**Instructions for the task**:
Set down, unchanged, the line holding "A focused young" and all lines that follow it to the end of the material, leaving pictures out.

**Data**:
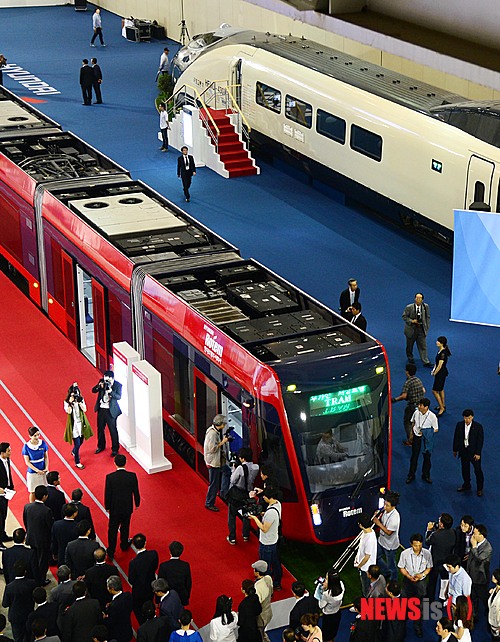 【부산=뉴시스】 하경민 기자 = 12일 오전 부산 벡스코에서 열린 '부산국제철도 및 물류산업전'을 찾은 관람객들이 기존 동력원인 전기 외 차량에 장착된 배터리를 동력원으로 해 유가선 및 무가선으로 주행하는 '저상트램'의 실차로 구경하고 있다. 사진 오른쪽은 일반에 첫 공개된 시속 430㎞급 차세대 고속열차인 'HEMU-430X' 시제차량.  세계 철도.물류 산업의 신기술을 한자리에 모은 이번 전시에는 20개국 158개 글로벌 기업이 참가했다. 행사는 15일까지 계속된다. 2013.06.12.  yulnetphoto@newsis.com 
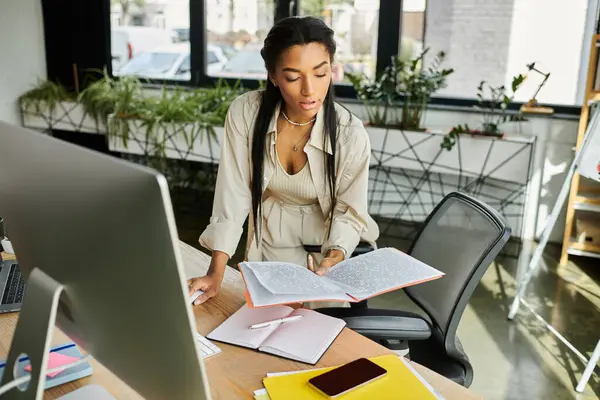 A focused young woman reviews important materials at her stylish office desk during work hours. — Stock Photo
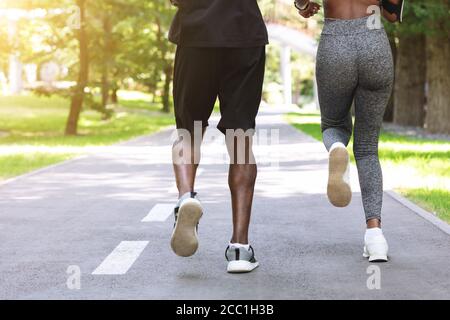 Personal Training Outdoors. Black Woman Running In Morning Park With Male Coach Stock Photo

**Exercise output**:
 A focused young woman reviews important materials at her stylish office desk during work hours. — Stock Photo
 Personal Training Outdoors. Black Woman Running In Morning Park With Male Coach Stock Photo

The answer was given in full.